The study was designed as a single-arm phase III trial because there are robust data available on the two-cycle BE360P option and on surveillance, and a non-inferiority trial comparing the different chemotherapy approaches would be prohibitively large. The trial enrolled 246 patients at 33 sites in the United Kingdom (10 were found ineligible following registration and were replaced) with histologically proven NSGCTT or mixed germ cell tumors of the testis, with vascular invasion of the primary tumor into the testicular veins or lymphatics. All patients were over 16 years of age, and the median age was 31 years. Almost all patients had a performance status of 0 (96.2%). The cohort was split almost evenly between patients with NSGCTT and patients with mixed histology (53.7% vs. 46.3%).
Patients received bleomycin 30,000 IU on days 1 or 2, 8, and 15; cisplatin 50 mg/m2 on days 1 and 2; and etoposide 165 mg/m2 on days 1, 2, and 3. They also received supportive care including prophylactic G-CSF and antibiotics; Prof. Huddart noted that the investigators “were keen to try to minimize the risk of neutropenic sepsis.”
The patients were followed for a median of 39.9 months. At 2 years, there were three malignant recurrences, for a 2-year event rate of 1.3% (95% CI [0.4%, 4.0%] and a malignant recurrence-free survival rate of 98.7%. Prof. Huddart said that based on the confidence interval, they can exclude a malignant recurrence rate of 5.0% at 2 years, which was the study’s target.
Overall survival at 2 years was 99.0%. There were three deaths during the study, including one from testicular cancer and one from a second primary cancer.
Prof.
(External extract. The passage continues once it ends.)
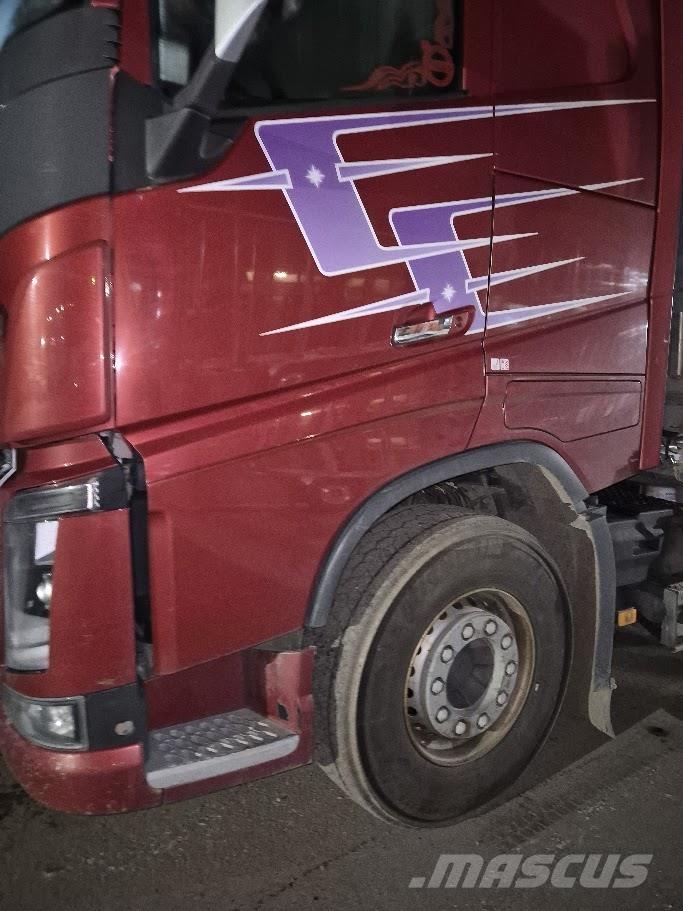 Volvo FH16 8x4  750 Holztransporter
Huddart said the toxicity profile was as expected. Among 233 patients with available data regarding toxicity at end of the chemotherapy cycle, 32.2% experienced grade 3/4 neutropenia. Other common acute grade 3/4 toxicities included leukopenia(16.3%), febrile neutropenia (6.4%), and thrombocytopenia (3.4%).
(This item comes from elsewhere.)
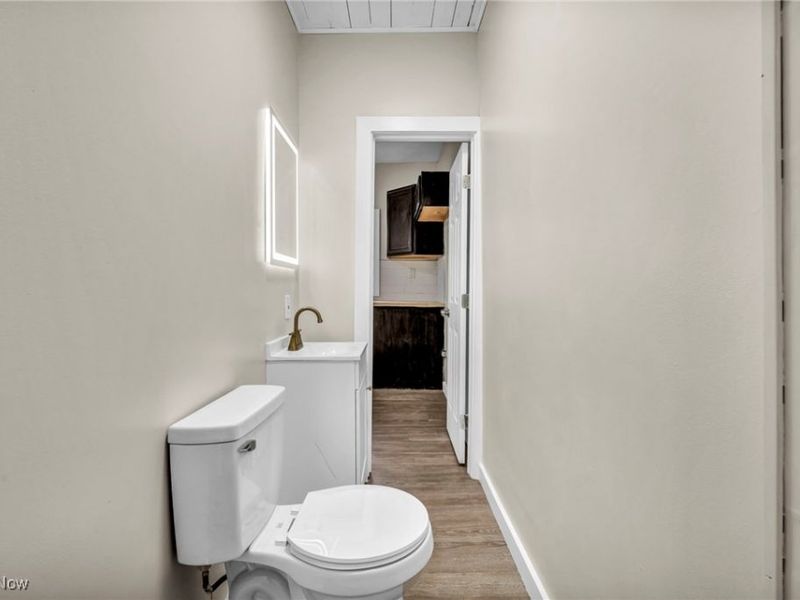 2160 Fulton Road, Cleveland, OH 44113 Photo 30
Most patients (90.9%) experienced some delayed toxicity (6-24 months), though most were either grade 1 (59.4%) or grade 2 (28.0%). Dyspnoea, ear and labyrinth disorders, and psychiatric disorders were among the more common delayed toxic effects, and Prof. Huddart said the effects on hearing are the only concerning late issues.
“Adoption of this protocol would reduce the overexposure to chemotherapy in a young patient population,” Prof. Huddart said.
Noel Clarke, MBBS, FRCS (Eng), ChM, FRCS (Urol), of the Christie Hospital NHS Foundation Trust, in the United Kingdom, was the Discussant for this abstract, and called it an “excellent study.” He agreed that the BEP regimen is quite toxic, and reducing exposure is useful, but there are reasons to avoid simply giving this to every patient. There is still some toxicity with the single cycle, and there is some proportion of patients who would never fail and require chemotherapy after being treated with surveillance.
Still, Prof. Clarke noted that “there is a price to pay if one goes on to surveillance, fails, and requires three cycles of BEP.” The single-cycle option appears safe and effective, and Prof. Clarke said this study makes it clear that two cycles of adjuvant therapy are unnecessary.